INSTRUCTIONS TO FOLLOW =
Starting at the line below that contains "Baby Boys White Logo Polo Shirt" and ending at the line that contains "Mini Pearl Crown", retype each line exactly as it stands, but omit the pictures.

DATA FOR THIS EXERCISE section start

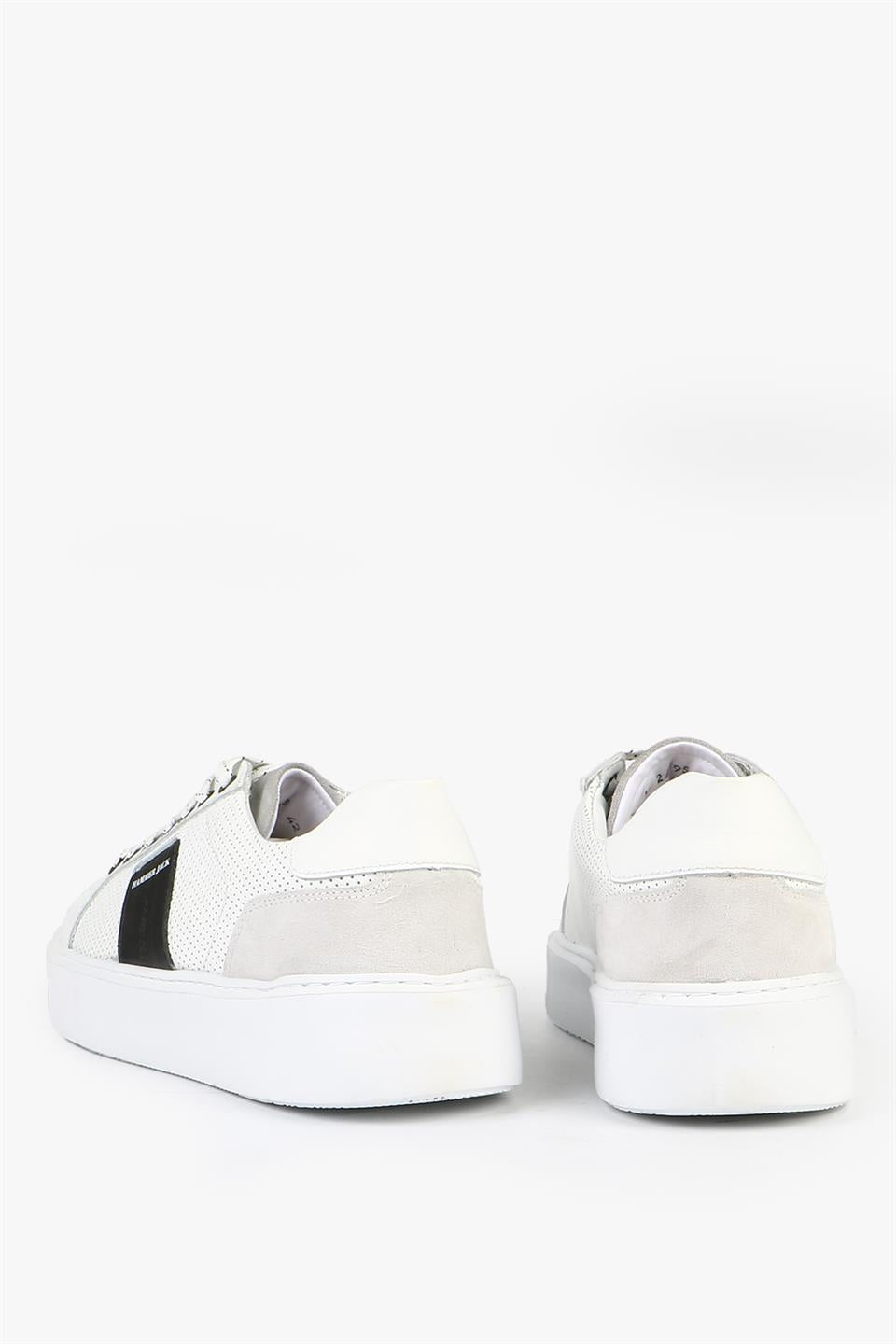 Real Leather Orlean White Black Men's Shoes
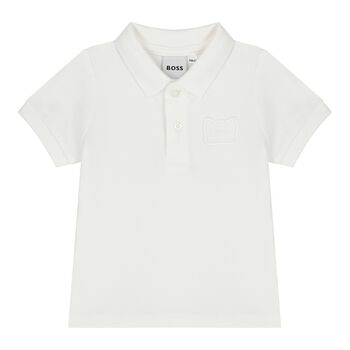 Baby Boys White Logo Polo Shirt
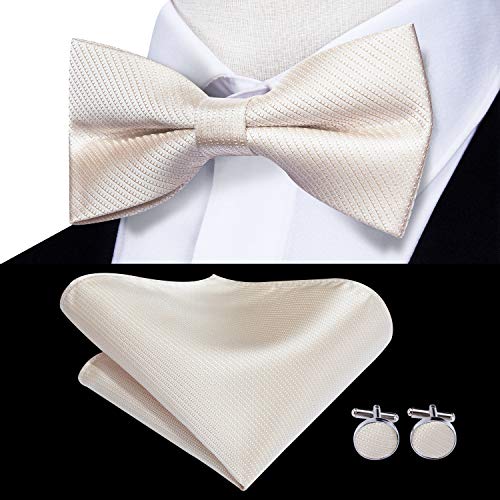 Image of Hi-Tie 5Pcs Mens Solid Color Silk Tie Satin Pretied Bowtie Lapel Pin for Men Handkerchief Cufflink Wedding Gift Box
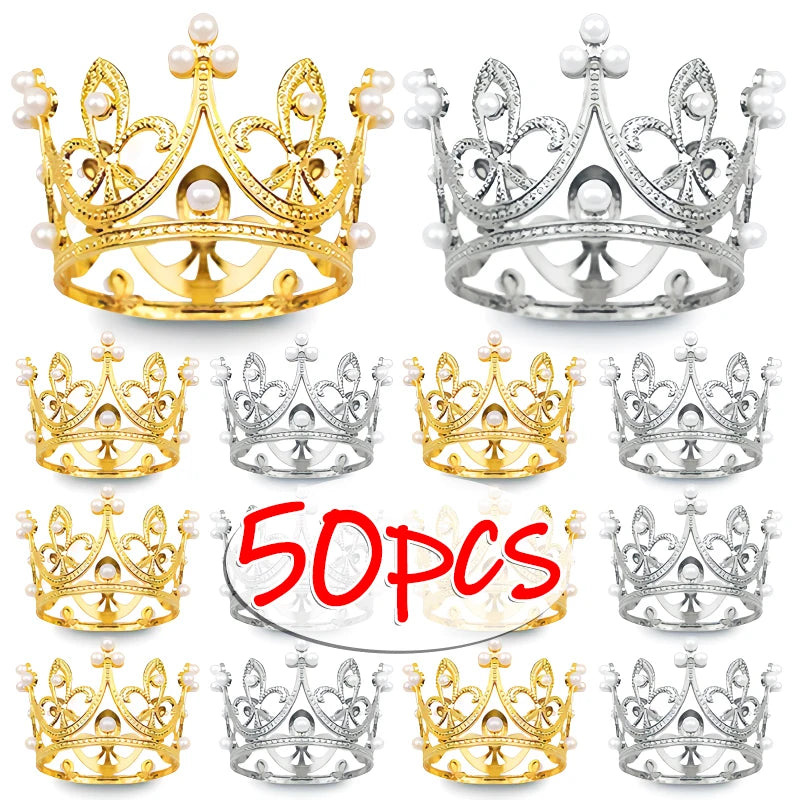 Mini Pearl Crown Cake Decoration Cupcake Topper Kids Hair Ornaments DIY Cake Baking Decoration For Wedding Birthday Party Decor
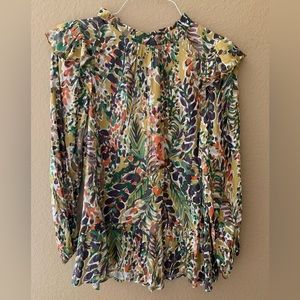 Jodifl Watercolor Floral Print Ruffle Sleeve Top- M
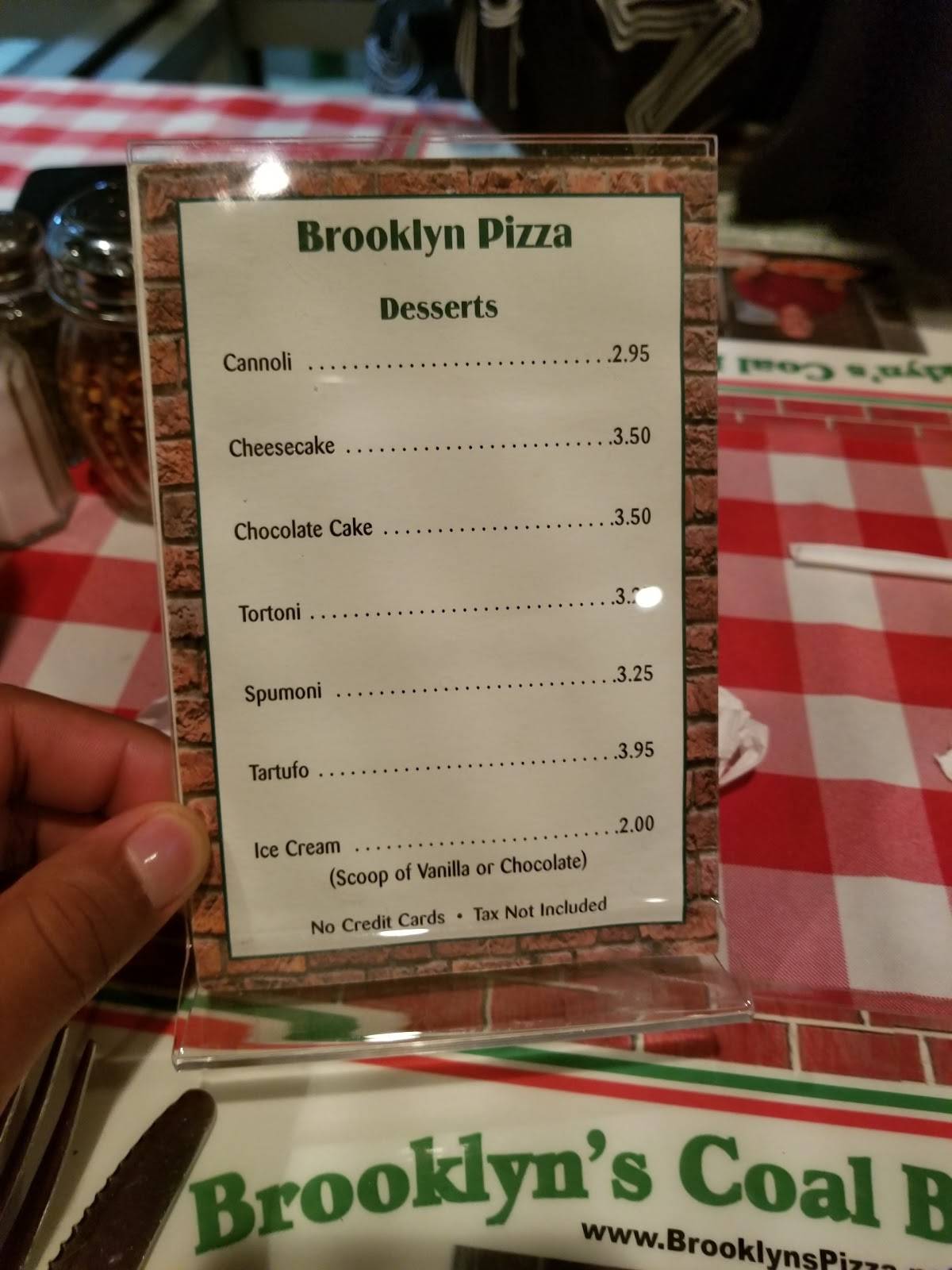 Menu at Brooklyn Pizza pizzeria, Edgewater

DATA FOR THIS EXERCISE section end
DATA FOR THIS EXERCISE section start

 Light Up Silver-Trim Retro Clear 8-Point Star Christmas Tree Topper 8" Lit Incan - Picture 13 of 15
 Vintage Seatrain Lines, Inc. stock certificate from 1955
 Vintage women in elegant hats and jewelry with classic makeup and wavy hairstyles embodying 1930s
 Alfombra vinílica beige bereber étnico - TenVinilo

DATA FOR THIS EXERCISE section end

REPLY TO THE TASK =
 Baby Boys White Logo Polo Shirt
 Image of Hi-Tie 5Pcs Mens Solid Color Silk Tie Satin Pretied Bowtie Lapel Pin for Men Handkerchief Cufflink Wedding Gift Box
 Mini Pearl Crown Cake Decoration Cupcake Topper Kids Hair Ornaments DIY Cake Baking Decoration For Wedding Birthday Party Decor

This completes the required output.